Las comunidades autónomas caminan a distinto ritmo en los acuerdos de riesgo compartido

l La necesidad de ajustarse a los presupuestos y buscar fórmulas de eficiencia presiden un nuevo modelo de colaboración público-privada

l Comunidad Valenciana, Baleares y Cataluña explican sus experiencias en una jornada sobre el nuevo rol de la industria farmacéutica

Herramientas
|
29 nov 2013 - 16:00 h
|

La crisis ha cambiado la manera de gestionar los servicios sanitarios. Este nuevo escenario, más restrictivo, está presidido por nuevas reglas del juego sobre el déficit e implica, también, nuevas reglas de cara a los proveedores. La primera gran derivada de la crisis es la necesidad ajustarse a los presupuestos y de buscar fórmulas que generen más eficiencia, una tarea que pasa por dar un giro copernicano a los modelos de colaboración con la industria farmacéutica. El cambio es lento, pero seguro, según la experiencia de las tres administraciones públicas que la semana pasada participaron en la jornada ‘Industria farmacéutica: De suministrador a socio estratégico’, organizada por El Global y PwC.

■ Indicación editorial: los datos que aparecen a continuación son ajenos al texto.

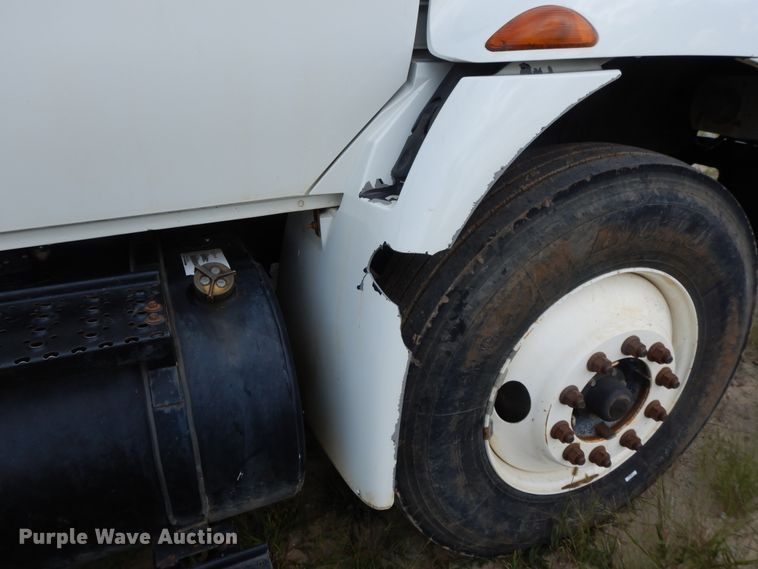 image for item DH0051 2004 International 4300  flatbed truck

“No queda otro camino”, aseguró Manuel Escolano, secretario de la Agencia Valenciana de Salud. En su opinión, “el problema de la sostenibilidad afecta a todos, y obliga a todos a ser proactivos”. La obligación de cambio no atañe solo a la industria. En el nuevo modelo de colaboración público-privado, la Administración también tiene que hacer examen de conciencia y adoptar nuevas reglas de cara al sector. César Vicente Sánchez lleva un año como director general de Gestión Económica y de Farmacia de la Consejería de Salud de Baleares, un tiempo que le ha bastado para reconocer la necesidad de cambiar “el llamado gasto en farmacia por el concepto de inversión en farmacia”. Consciente de que los gestores públicos no pueden perder de vista el corto plazo, Sánchez reconoce sin embargo que esta perspectiva, alentada por la crisis, no puede presidir de forma exclusiva la toma de decisiones. “Somos muy cortoplacistas en la Administración —dijo—. Hay mucha focalización en el recorte en Farmacia y no estamos midiendo qué está pasando con ese recorte”. Esta filosofía lleva a lo que parece ser la piedra angular del nuevo modelo post-crisis: un nuevo esquema de colaboración basado en la medición exhaustiva de los resultados como paso previo a la toma de decisiones. Por ahora, esta tarea ha sido una constante en el trabajo de médicos y gerentes. El director general de Farmacia de Baleares cree que ha llegado el momento de extrapolarla “a todos”: industria, profesionales y la propia Administración. Ya existen varios ejemplos. En Baleares, la Consejería de Salud ya ha empezado a mantener con la industria reuniones que van mucho más allá de los asuntos económicos, y que van enfocadas a cómo medir resultados en salud a medio y largo plazo. La Comunidad Valenciana presenta ejemplos de colaboración público-privada en cuatro áreas: investigación; sistemas de información y tecnologías; áreas emergentes y prestación farmacéutica.

En este sentido, además de mencionar los algoritmos terapéuticos y los subcomités para determinar los criterios de utilización de medicamentos de alto impacto sanitario y/o económico. Escolano anunció el planteamiento de un acuerdo de riesgo compartido en el uso de medicamentos biológicos en artritis reumatoide. Los acuerdos de riesgo compartido parecen ser el futuro idóneo de la gestión de la prestación farmacéutica. Sin embargo, como reconoció Antoni Gilabert, gerente de Farmacia y del Medicamento del Servicio Catalán de la Salud, no todas las comunidades están igual de posicionadas para ponerlos en marcha. El riesgo compartido es una realidad en Cataluña, que poco a poco ha ampliado el alcance de los acuerdos firmados hasta la fecha. Es por eso que, ante el cambio de modelo que se pregona, Gilabert ve “mejor que antes” a la industria. Sabedor de que el cambio de modelo no se produce de un día para otro, afirma que los mercados intentan adaptarse al camino marcado por los reguladores, aunque todo tiene sus límites. “La innovación, cuanto más rápido entre, mejor; ya que beneficia a todos”, dice Gilabert. Eso sí, esa innovación tiene que entrar ordenada.